El rigor ético y estético de su prosa le dio consistencia y legitimidad a su decisión política: la de ejercer la crítica de la vida política y cultural del país...

15 de septiembre de 2022 Por: Carlos Jiménez

Hace un año murió mi amigo Antonio Caballero y la ocasión es buena para dolernos de nuevo por su partida y para rendirle homenaje recordando su extraordinario aporte al periodismo, la literatura y desde luego, a la cultura política de este país.

Una tarea que, dado el tamaño de su obra polifacética, no puede satisfacerse cabalmente en la brevedad de esta columna, por lo que me limitaré a un par de comentarios centrados en su labor periodística que, desgraciadamente, deja por fuera tanto su faceta de insobornable humorista gráfico como la de novelista con una única y sin embargo portentosa novela: ‘Sin remedio’.

Su periodismo estuvo definido, en primer lugar, por la claridad apolínea de su prosa, una calidad estética que era también ética, porque para él la infatigable búsqueda stendhaliana de ‘le mot just’, de la palabra justa, obedecía al deseo de decir siempre, de la manera más clara y precisa, lo que pensaba del asunto que en cada caso le ocupaba.
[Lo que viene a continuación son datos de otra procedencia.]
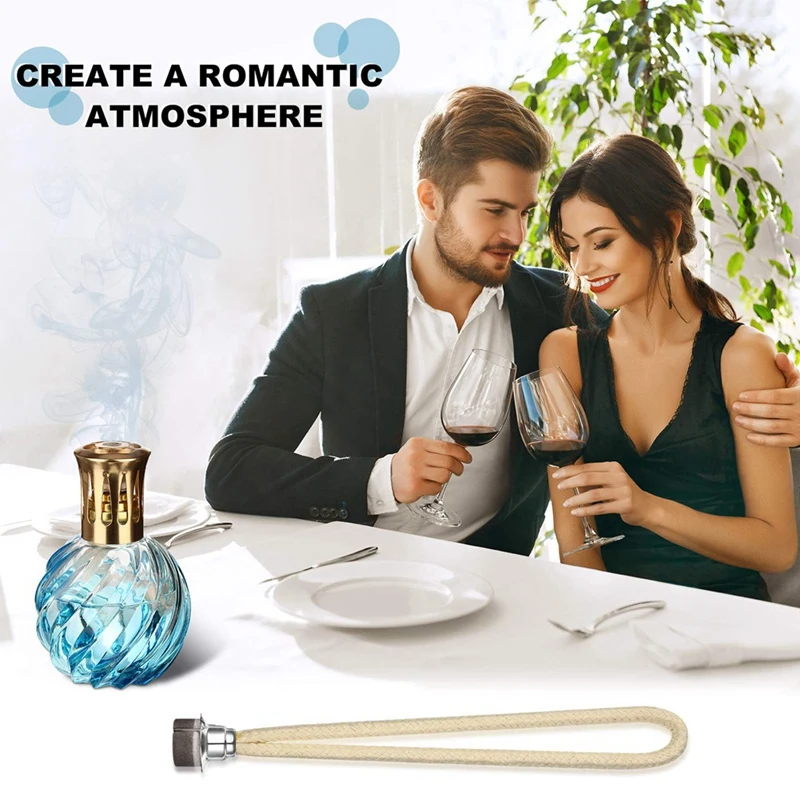 Nieuwe Olie Lamp Lont Vervanging Lucht Strak Controle Katalytische Brander Lampen Lont Voor Diffuser Aromatherapie Decoratie (18Mm)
Sin ambages, ambigüedades o medias tintas, sin entregarse nunca a los juegos de pirotecnia verbal con los que tantos ocultan sus verdaderas intenciones o tergiversan la verdad de los hechos. Porque Caballero sí que creía en la existencia de los hechos y en la obligación de todo periodista de dar cuenta de ellos o de construir sus análisis y sus comentarios a partir de ellos y contando siempre con ellos. Podría decirse, parafraseando a Adolf Loos, que para él la ornamentación era un delito.

El rigor ético y estético de su prosa le dio consistencia y legitimidad a su decisión política: la de ejercer la crítica de la vida política y cultural del país desde la completa independencia con respecto a los poderes establecidos y a los partidos políticos existentes. Decisión congruente además con su individualismo ‘tout court’ y la voluntad de apartarse y establecer con respecto a la sociedad la distancia que permite el ejercicio de la crítica libre de las ataduras y las servidumbres que la vida en sociedad comporta necesariamente.

Esta distancia, que Antonio resolvía en términos de personalidad conjugando la altanería con la timidez, podría considerarse un lujo aristocrático que no podríamos permitirnos el común de los mortales. Y no faltó quien lo dijera.

Pero esta lectura de su intransigente independencia omite el invaluable servicio que le prestó a una escena política como la nuestra dominada por el eufemismo, el travestismo y el engaño.